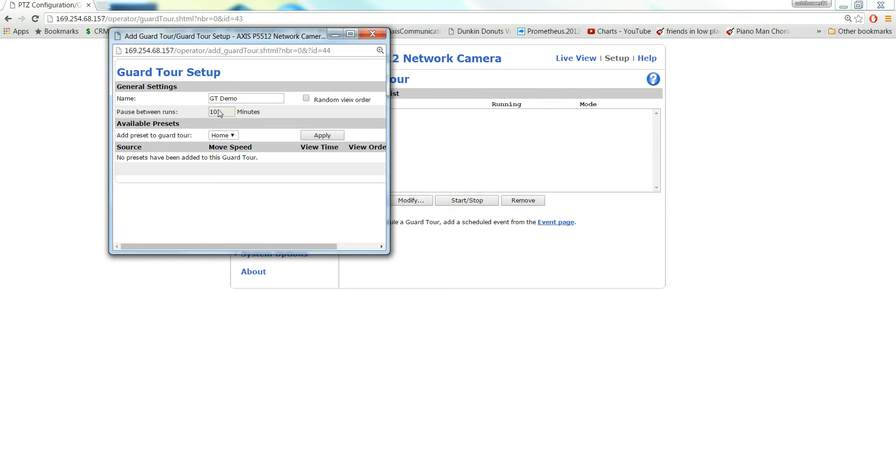Now the minimum pause time between runs for P55s or P56 cameras is 10 minutes. If it's a Q60 or a Q61 series camera, the guard tour can run continuously.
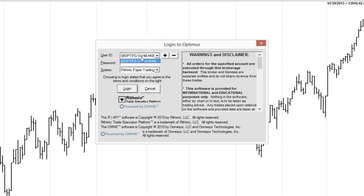At this point, all we need to do is enter in our Rhythmic username and password, which was included in the email, and then choose login.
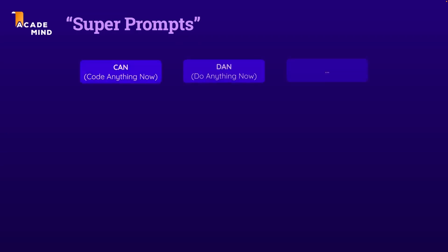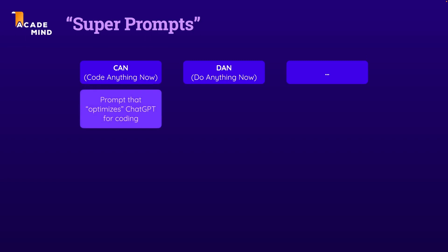like CAN or DAN. CAN stands for Code Anything Now and is a special prompt constructed to optimize ChatGPT for coding.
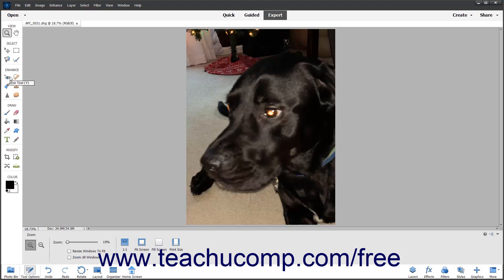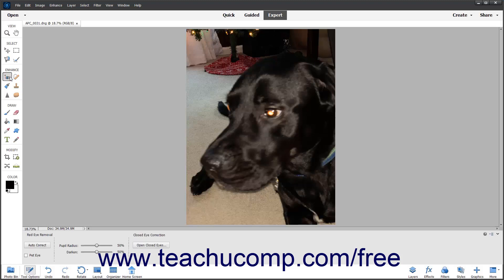To manually fix Red Eye in Photoshop Elements, select the Eye Tool in the Toolbox. Then use the Pupil Radius and Darken Sliders in the Tool Options bar to set the desired settings.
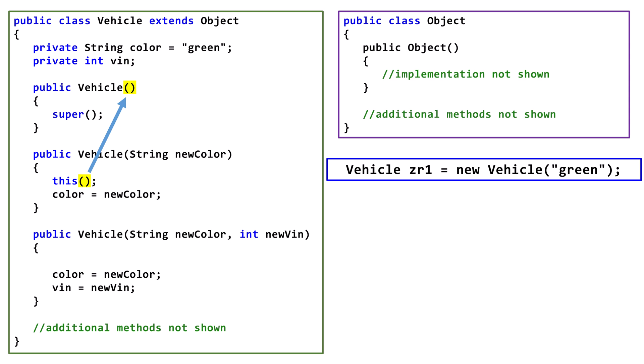This top Constructor has the super keyword, so indirectly the middle Constructor is calling a Constructor in the object class. Once we are finished with the call to the top Constructor, we finish up the code in the middle Constructor.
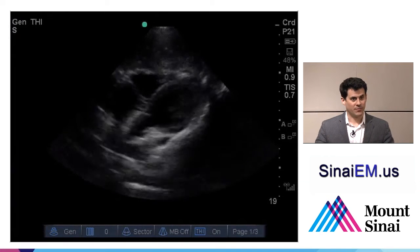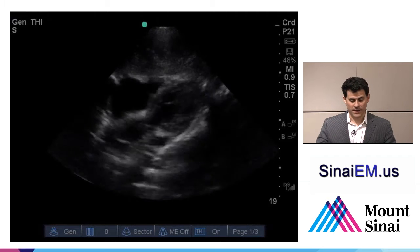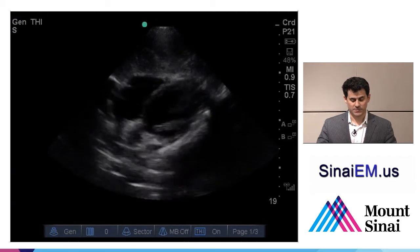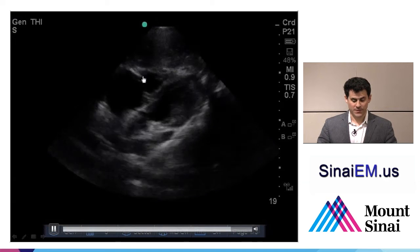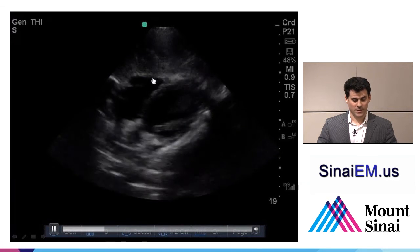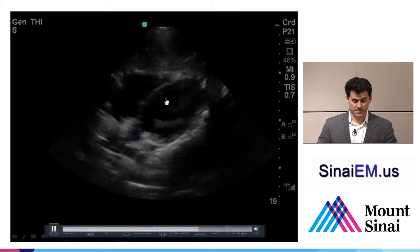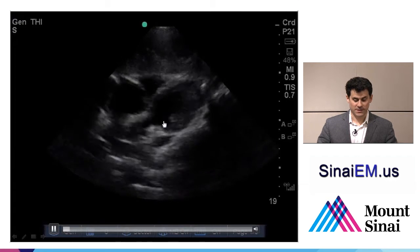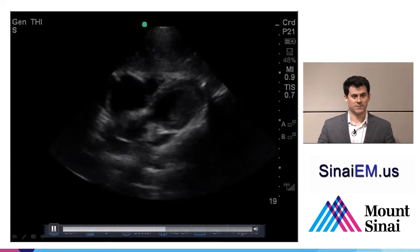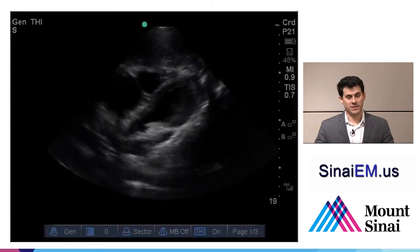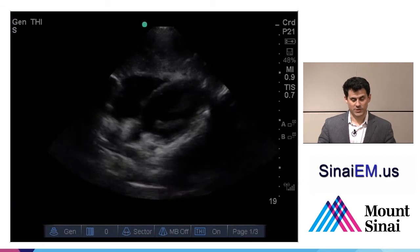This is what a sub-xiphoid cardiac view looks like. At the top of the screen we see the liver, and just deep to the liver, bright white pericardium, followed by the right ventricle. Below the right ventricle we see the septum, and deep to that, the left ventricle. Just looking at this image, we can get some sense of cardiac contractility and confirm there's no pericardial effusion.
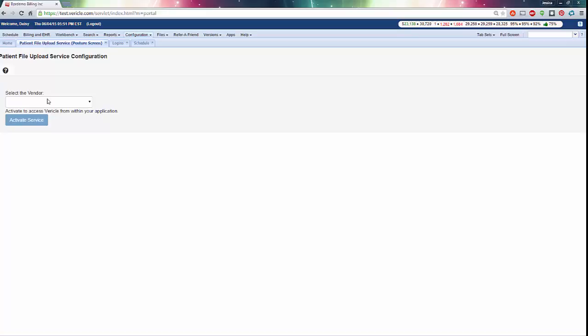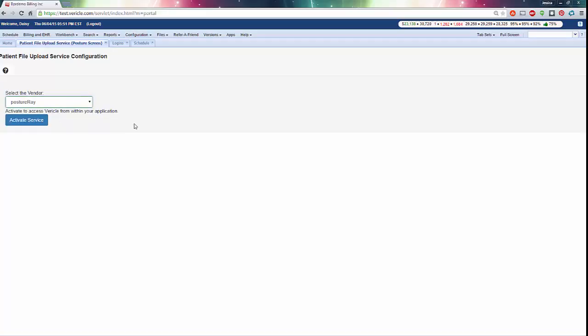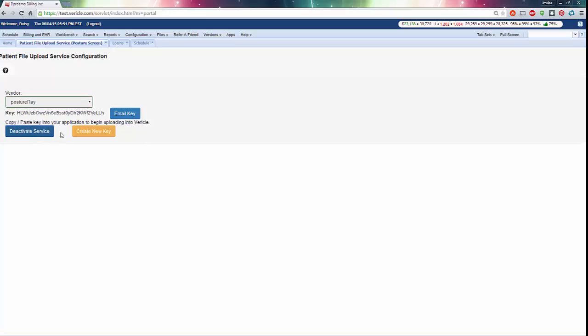First, select the vendor from the drop-down. We match on the vendor name and the key, so make sure you choose the right one. Next, click Activate Service to generate a key.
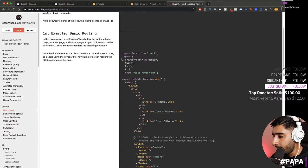Add the `HeaderSearch` component to the header JSX and include the `SearchIcon` inside it. Saving shows the search icon appearing on the right. Next we'll add an input field inside `HeaderSearch` to complete the search bar in the center of the header.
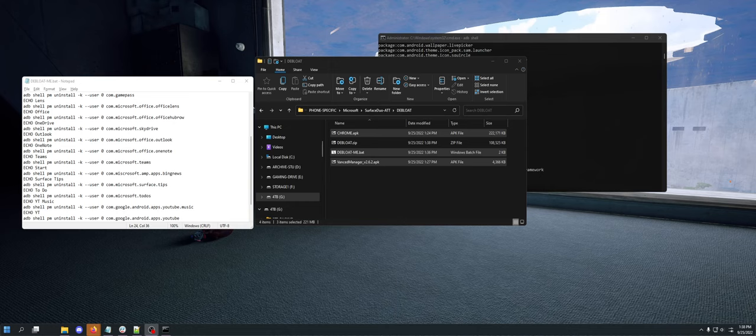Today's video is what I promised you. It's a debloat script for the Microsoft Surface Duo at a root level. So watch my previous video if you want to learn how to root your Surface Duo. This video takes it one step further and makes it as close to quote-unquote AOSP as possible.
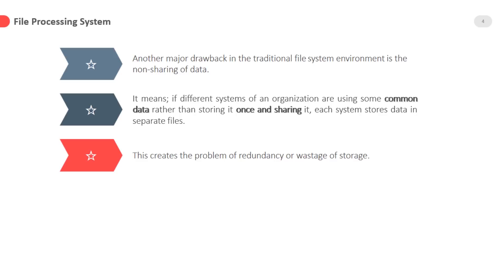each system stores data in separate files. This creates the problem of redundancy or wastage of storage.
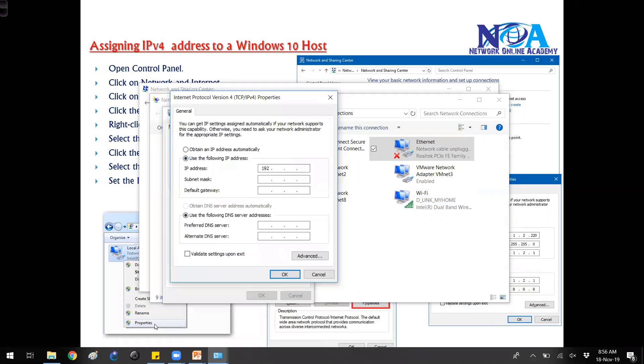Here we can type in whatever IP address you want. When we type in we generally use the decimal format.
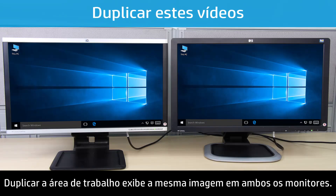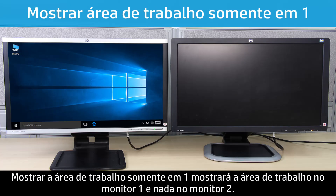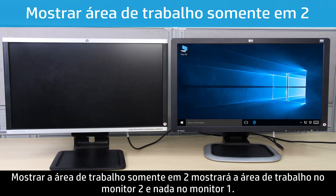Duplicating the desktop displays the same image across both monitors. Extending the Windows desktop expands the work area across both monitors. Showing desktop only on one will display on one and show nothing on display two. Showing desktop only on two will display on two and show nothing on display one.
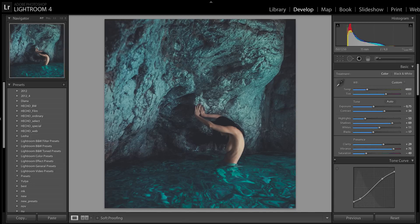Good time of the day, my name is Dan Hatcher. I want to show you packages with my presets for color correction in Adobe Lightroom. I have a special offer for you — three different packages.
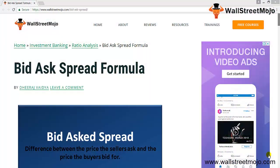Hello everyone, welcome to the channel of WallStreetMojo. Friends, today we are going to learn a concept known as the bid-ask spread formula. Bid-ask spread is useful not only in bonds but also in Forex, so let's get into the nitty-gritty of this particular topic.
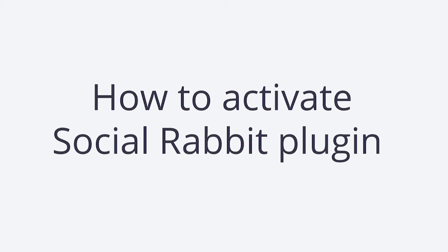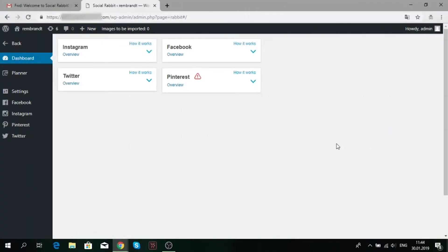How to activate Social Rabbit plugin. Find your license key in the notification email you got after the Social Rabbit purchase.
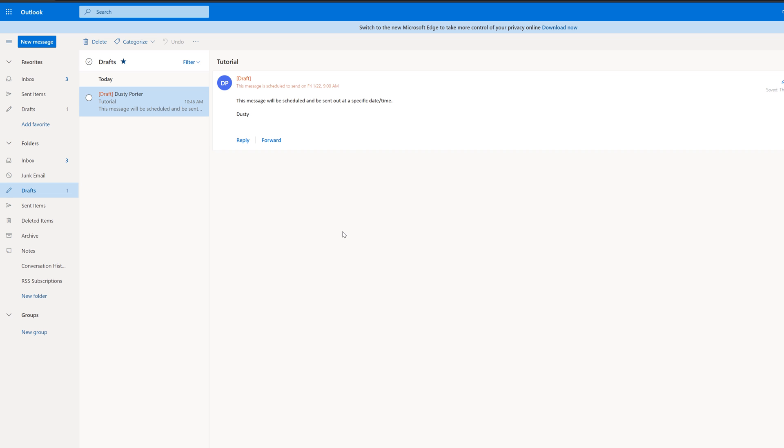And then here on the web version, it's going to actually show up under our drafts. So if we go over to drafts here and click on that, it has a red highlighted message at the top that says this message is scheduled to send on Friday, the 22nd at 9 AM.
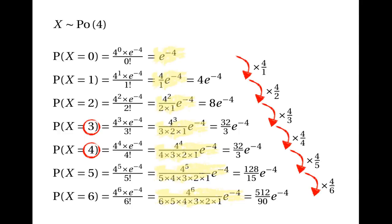This explains why 3 events and 4 events give the joint highest probability. From 0 up to 3 events, the probability keeps increasing, because when you times by 4 over 1, or 4 over 2, or 4 over 3, you're multiplying by a number that's bigger than 1, and that causes the probability to increase. Going from 3 events to 4 events, we're multiplying by 4 over 4, which is multiplying by 1, so the probability doesn't change. Going from 4 events to 5 events to 6 events, the probability decreases because we're multiplying by 4 over 5 and by 4 over 6, which are both fractions smaller than 1, and whenever you multiply by a fraction smaller than 1, the answer gets smaller.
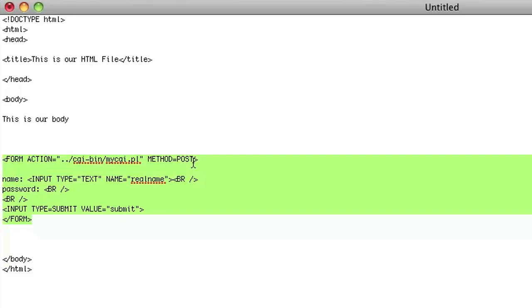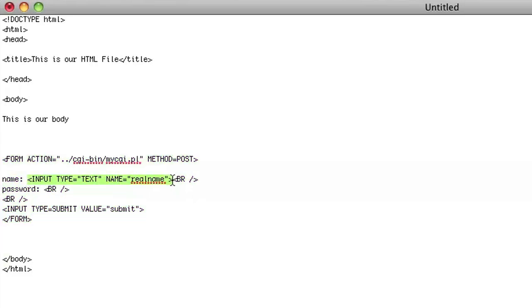Now this is just a regular form. It has an action, it has a post, and it has an input type text where you can put your name.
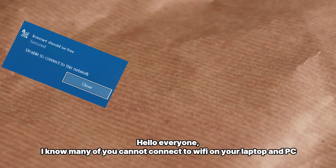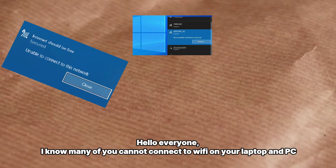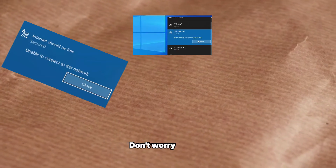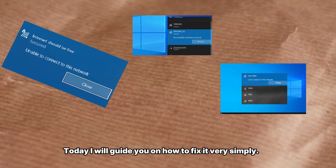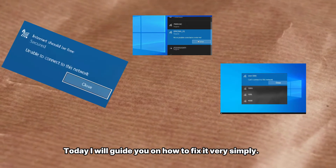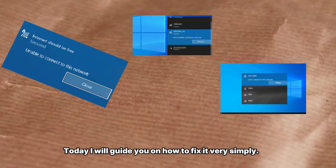Hello everyone. I know many of you cannot connect to Wi-Fi on your laptop and PC. Don't worry. Today I will guide you on how to fix it very simply.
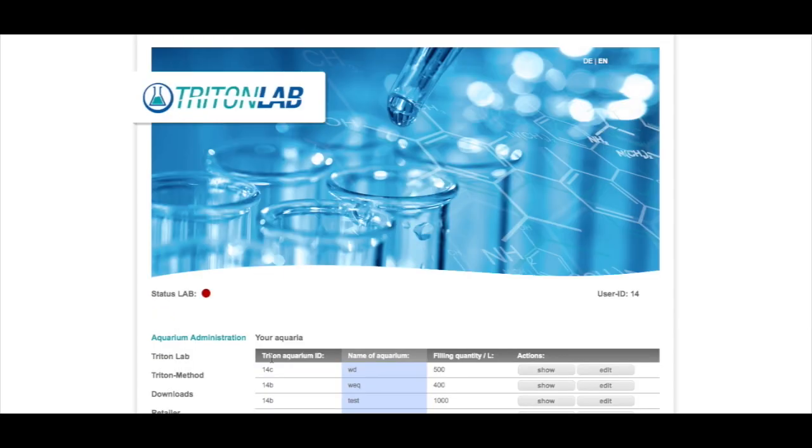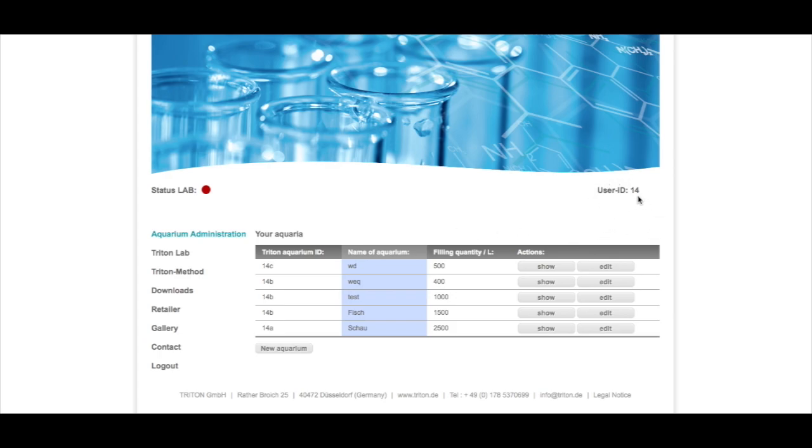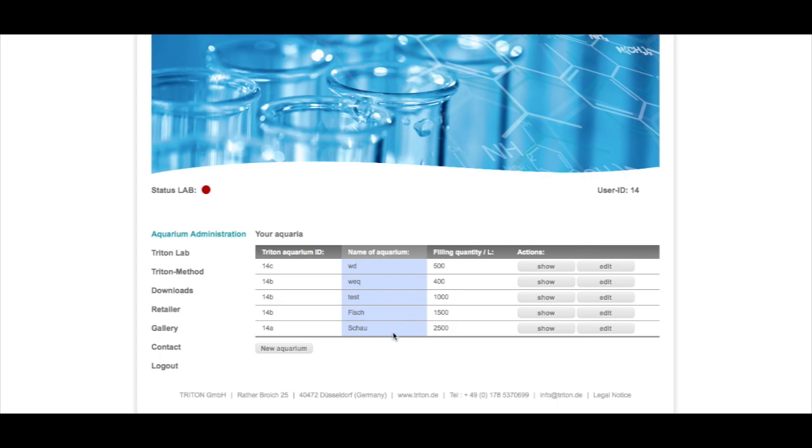Okay, so when you're logged in you can see this area and here this is your account administration area. On the right hand side you have your user ID which is very important. I will explain it in a few seconds. In this area you have all your aquariums. Normally hobbies having like one or two aquariums but public aquariums or retailers often have more so we give you the opportunity to put in every tank you have under one ID. This makes things really easy for you.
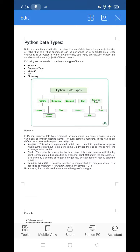Today's topic is Python data types. Data type is a concept you come across in every programming language. It tells about the type of data which we are using. We can say data types are the classification or categorization of the data item — whether we are using integer, float, or boolean. It also represents the kind of value and tells what operations can be performed on the particular data.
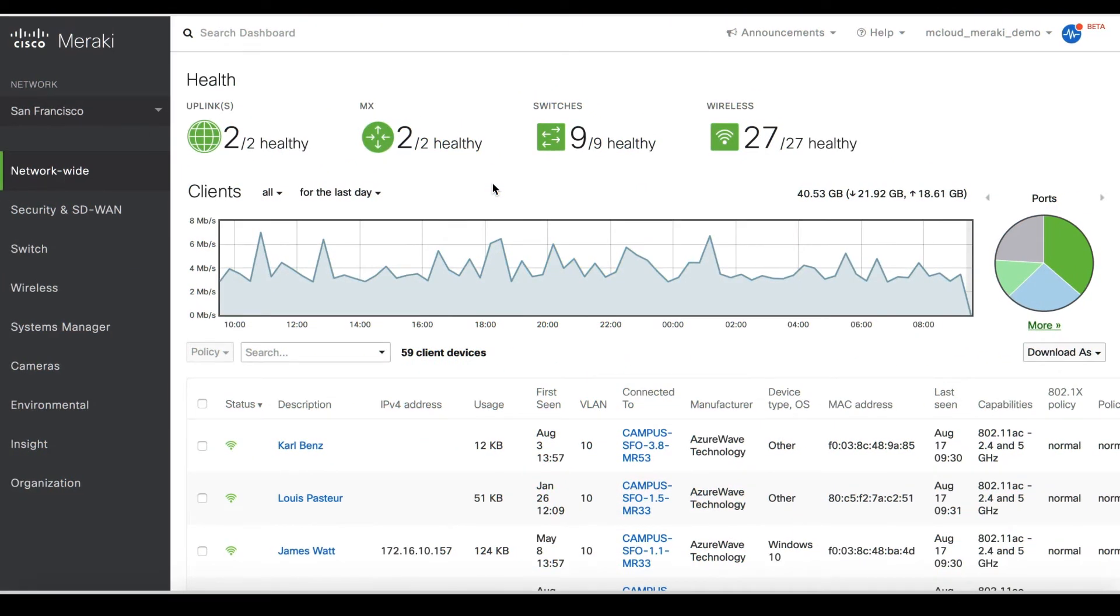In this tutorial, we're going to walk you through how to configure Meraki's AutoVPN feature to enable site-to-site VPN connectivity using the Meraki dashboard.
##############################
■ **Assigned task**:
Text only, no pictures: please print exactly the lines above from the line with "Here we can" up to and including the line with "How to activate", and nothing else.

■ **Problem solution**:
Here we can type in whatever IP address you want. When we type in we generally use the decimal format.
Duplicating the desktop displays the same image across both monitors. Extending the Windows desktop expands the work area across both monitors. Showing desktop only on one will display on one and show nothing on display two. Showing desktop only on two will display on two and show nothing on display one.
Good time of the day, my name is Dan Hatcher. I want to show you packages with my presets for color correction in Adobe Lightroom. I have a special offer for you — three different packages.
Hello everyone, welcome to the channel of WallStreetMojo. Friends, today we are going to learn a concept known as the bid-ask spread formula. Bid-ask spread is useful not only in bonds but also in Forex, so let's get into the nitty-gritty of this particular topic.
How to activate Social Rabbit plugin. Find your license key in the notification email you got after the Social Rabbit purchase.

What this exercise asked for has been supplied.